Applications envisioned for medicine employ ultra sensitive instruments
that can analyze brain currents without surgery, providing a more
accurate diagnosis of disease and injury while reducing trauma to
the patient. Superconductors can greatly increase the capacity of
cellular telecommunications by increasing the number of available
channels in the available bandwidth. Most of these exciting applications
for high temperature superconductors await improvements in these
new materials, a focus area for the MURR Center research.
Neutron irradiation is used to introduce well-characterized
defects into semiconductors and high temperature superconductors.
In the case of semiconductors, there are two basic
types of experiments. First, thermal neutrons are used to produce
transmutations.
In favorable circumstances, the transmutations introduce desirable
electronic doping that often cannot be achieved by other doping
methods. Transmutation doping of silicon is done on a commercial
scale to provide the starting material for high power electronic
devices. In the case of zinc selenide (ZnSe, used in phosphors and
infrared optics), the transmutation doping is used to investigate
the fundamental process of self-compensation that prevents effective
p-type doping of this material. Second, fast neutrons are utilized
to introduce defects that reduce the minority-carrier lifetime.
The radiation induced defects can decrease switching times significantly,
an important feature in high speed switching devices. In the case
of high temperature superconductors, fast neutron irradiation induced
defects act as pinning centers for quantized magnetic fields called
fluxoids.

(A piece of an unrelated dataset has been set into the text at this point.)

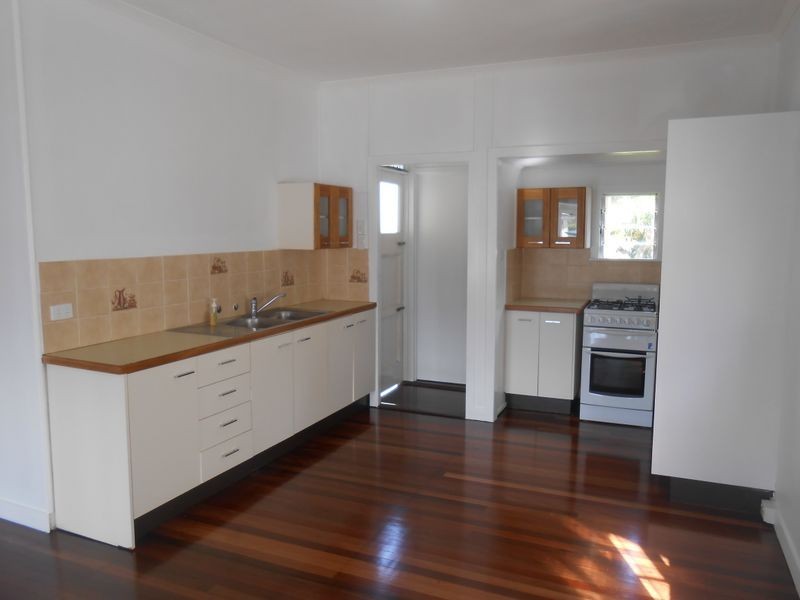 71 Grattan Terrace, Manly QLD 4179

Pinning these fluxiods is a critical issue, because the
fluxoid motion introduces resistance, thus defeating the purpose
of the superconductor to conduct current without loss. Therefore,
increased fluxoid pinning leads to greater critical currents, making
many of the exciting applications possible. A significant effort
in this research area is involved in understanding the fundament
process of fluxoid pinning and in finding methods to optimize this
pinning, thus producing material that can support the highest possible
currents. At present, critical currents in high temperature superconductors
limit many of the possible applications of these exciting materials.